国税庁は、ホームページに掲載しておりました「非上場株式等についての相続税・贈与税の納税猶予及び免除の特例のあらまし」(事業承継税制)を見直しました。

 非上場株式等についての相続税・贈与税の納税猶予及び免除の特例とは、後継者(相続人等)が、相続等により経産相の認定を受ける非上場会社の株式等を、先代経営者である被相続人から取得して会社を経営していく場合は、その経営承継相続人等が納付すべき相続税のうち、その非上場株式等に係る課税価格の8割に対応する相続税の納税が猶予されるものです。

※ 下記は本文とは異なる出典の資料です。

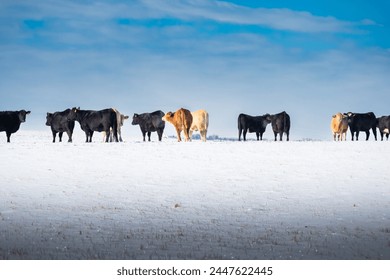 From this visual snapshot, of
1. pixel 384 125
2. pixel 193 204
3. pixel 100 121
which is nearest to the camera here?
pixel 193 204

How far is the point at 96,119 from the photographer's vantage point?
39438 millimetres

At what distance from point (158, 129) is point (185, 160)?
64.7 feet

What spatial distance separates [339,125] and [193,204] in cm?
3262

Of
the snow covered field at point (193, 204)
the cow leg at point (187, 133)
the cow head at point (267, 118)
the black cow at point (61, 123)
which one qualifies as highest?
the cow head at point (267, 118)

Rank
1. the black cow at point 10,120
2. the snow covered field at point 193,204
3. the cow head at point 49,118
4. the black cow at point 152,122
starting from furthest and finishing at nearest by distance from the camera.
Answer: the black cow at point 152,122 < the cow head at point 49,118 < the black cow at point 10,120 < the snow covered field at point 193,204

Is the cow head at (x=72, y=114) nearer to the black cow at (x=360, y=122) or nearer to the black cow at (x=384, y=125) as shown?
the black cow at (x=360, y=122)

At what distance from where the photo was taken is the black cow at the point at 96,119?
1547 inches

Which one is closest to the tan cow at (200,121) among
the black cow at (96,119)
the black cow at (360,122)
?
the black cow at (96,119)

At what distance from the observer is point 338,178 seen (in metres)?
22.2

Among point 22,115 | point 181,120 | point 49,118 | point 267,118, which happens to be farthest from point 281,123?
point 22,115

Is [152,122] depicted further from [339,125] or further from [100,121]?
[339,125]

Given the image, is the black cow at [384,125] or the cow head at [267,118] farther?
the black cow at [384,125]

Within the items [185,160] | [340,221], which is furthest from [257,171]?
[340,221]

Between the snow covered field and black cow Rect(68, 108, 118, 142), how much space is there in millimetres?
8534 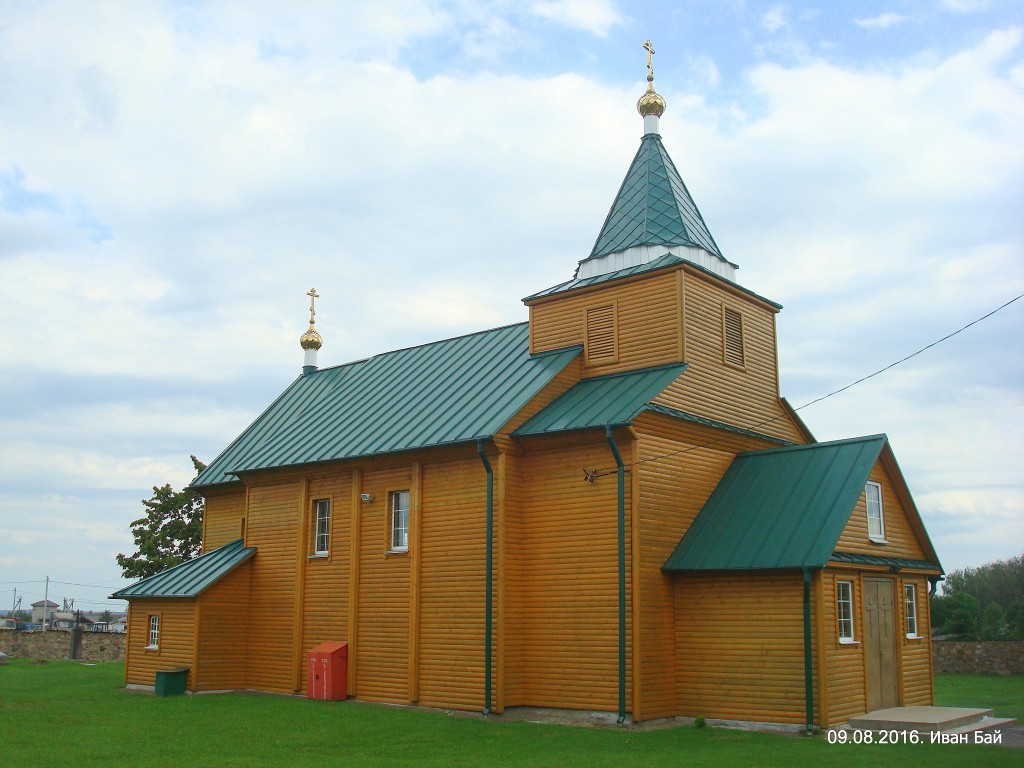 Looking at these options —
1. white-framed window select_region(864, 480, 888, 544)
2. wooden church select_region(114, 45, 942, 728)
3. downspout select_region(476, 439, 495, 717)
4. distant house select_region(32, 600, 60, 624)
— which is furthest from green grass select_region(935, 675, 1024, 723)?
distant house select_region(32, 600, 60, 624)

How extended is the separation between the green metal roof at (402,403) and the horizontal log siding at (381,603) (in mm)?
1128

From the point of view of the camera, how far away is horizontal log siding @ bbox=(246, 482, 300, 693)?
24.8 m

 また、後継者である受贈者が、贈与により、経産相の認定を受ける非上場会社の株式等を先代経営者である贈与者から全部又は一定数以上取得し、その会社を経営していく場合には、その後継者が納付すべき贈与税のうち、その非上場株式等(一定の部分に限る)に対応する贈与税の全額の納税が猶予され、先代経営者の死亡等により、納税が猶予されている贈与税の納付が免除される特例措置です。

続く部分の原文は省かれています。